The PySpark join operation takes the following parameters. It returns a single DataFrame as a result-

 

* other- Dataframe on right side of the join operation

* on- a string for the joining column name

* how-  Inner, outer, full, full outer, left, left outer, right, right outer, left semi, and left anti are the only options. By default, its value is ‘inner’.

Let us now look at the various PySpark Join types and their syntax and examples.

Before diving into the PySpark Join types, we first create two datasets/tables- Emp and Dept. Column "emp_id" is unique in the emp dataset, and "dept id" is unique in the dept dataset. Also, the emp dataset's emp_dept_id has a relation to the dept dataset's dept_id.

 

In [1]:
from pyspark.sql import SparkSession

In [2]:
spark = SparkSession.builder.appName("Joins").getOrCreate()

22/10/18 17:44:13 WARN Utils: Your hostname, pallavi-xps resolves to a loopback address: 127.0.1.1; using 192.168.1.79 instead (on interface wlp2s0)
22/10/18 17:44:13 WARN Utils: Set SPARK_LOCAL_IP if you need to bind to another address


Setting default log level to "WARN".
To adjust logging level use sc.setLogLevel(newLevel). For SparkR, use setLogLevel(newLevel).

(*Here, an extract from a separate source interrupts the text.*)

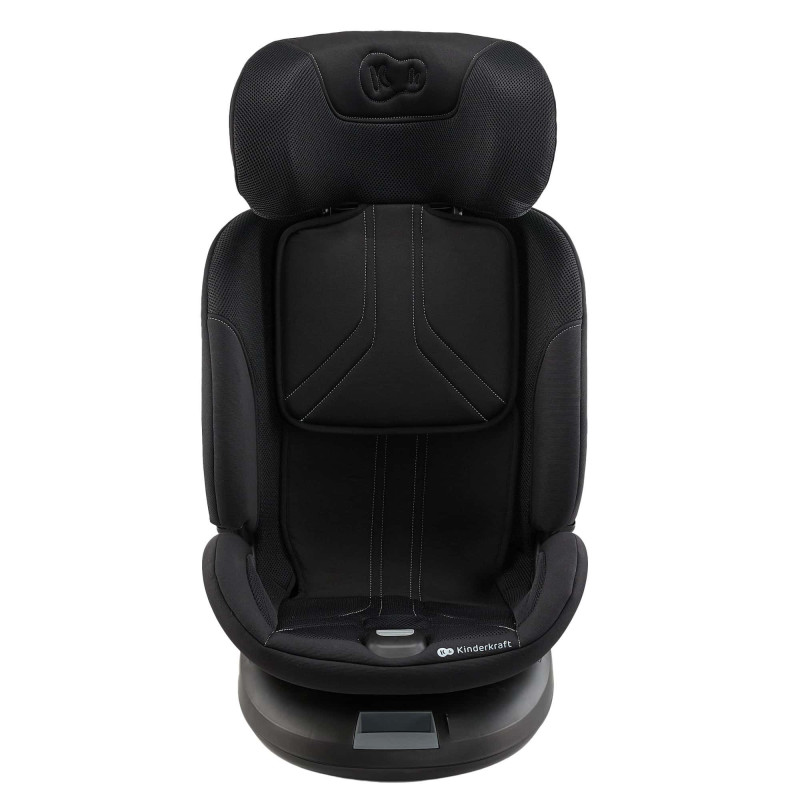 Автокрісло Kinderkraft Xpedition 3 i-Size Black KCXPED03BLK0000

22/10/18 17:44:13 WARN NativeCodeLoader: Unable to load native-hadoop library for your platform... using builtin-java classes where applicable
22/10/18 17:44:14 WARN Utils: Service 'SparkUI' could not bind on port 4040. Attempting port 4041.
22/10/18 17:44:14 WARN Utils: Service 'SparkUI' could not bind on port 4041. Attempting port 4042.
22/10/18 17:44:14 WARN Utils: Service 'SparkUI' could not bind on port 4042. Attempting port 4043.


In [3]:
emp = [(1,"John","2018","10","M",3000), \

    (2,"Dario","2010","20","M",4000), \

    (3,"Ross","2010","10","M",1000), \

    (4,"Rachel","2005","40","F",2000), \

    (5,"Monica","2010","50","F",3000), \

 ]
empColumns = ["emp_id","name","year_joined", \

       "emp_dept_id","gender","salary"]

In [4]:
empDF = spark.createDataFrame(data=emp, schema = empColumns)

empDF.printSchema()

empDF.show(truncate=False)

root
 |-- emp_id: long (nullable = true)
 |-- name: string (nullable = true)
 |-- year_joined: string (nullable = true)
 |-- emp_dept_id: string (nullable = true)
 |-- gender: string (nullable = true)
 |-- salary: long (nullable = true)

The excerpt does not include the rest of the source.